As a dramatist, Wycherley is now known only to critics and literary students. The general reader and playgoer have long since lost sight of him. No manager would venture to reproduce any one of his comedies on the stage, and even his style of dialogue, once so popular, appears forced and unnatural to the present generation. It is often pointed and witty,1 and it served as a model for Congreve and Farquhar, who in turn were the dramatic fathers of Sheridan and Colman; but all of these improved upon the original. They had equal or more wit, with greater variety and brilliancy. Their jests and epigrams are less laboured in appearance; they have fewer oaths and expletives; and if they are not more moral in tendency they are at least greatly more decent in discourse. Wycherley has only one character that has any pretensions to originality—the litigious and bustling Widow Blackacre. His Manly, the Plain Dealer, is an Anglicised copy of Molière's Misanthrope; and his Gentleman Dancing Master is borrowed in part from the Ecole des Femmes.2 Indeed, most of his plots, intrigues, and contretemps are taken from the Spanish or French drama. And whatever Wycherley borrowed he debased. His taste was radically coarse and depraved, and his standard of morality never rose above that of Whitehall under Charles the Second. Of that period his plays afford a good illustration. We may also discover in them here and there a clever epigrammatic sentence or a lively comic illustration, but no one ever found in them a scene that touched his heart or elevated his imagination. (n. c.—s.)

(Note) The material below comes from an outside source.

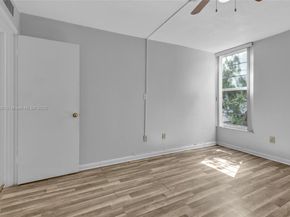 210 Fontainebleau Blvd 210, Miami FL 33172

1 Moore has noticed a sentiment of Wycherley's (Plain Dealer, act i. sc. 1, not the Country Wife, as by a slip of the pen Moore writes), which he thinks Burns may have copied. "Counterfelt honour," says Manly, "will not be current with me; I weigh the man, not his title; 'tis not the king's stamp can make the metal better or heavier." Burns has

"The rank is but the guinea's stamp,
The man's the gowd for a' that."

In the same scene Manly makes a just and an acute observation. "Speaking well of all mankind is the worst kind of detraction, for it takes away the reputation of the few good men in the world, by making all alike." And in a subsequent act, "He that distrusts most the world, trusts most to himself, and is but the more easily deceived, because he thinks he can't be deceived. His cunning is like the coward's sword, by which he is oftener worsted than defended." Sentiments of this kind are scattered through Wycherley's dialogues, but his knowledge was more of evil than of good.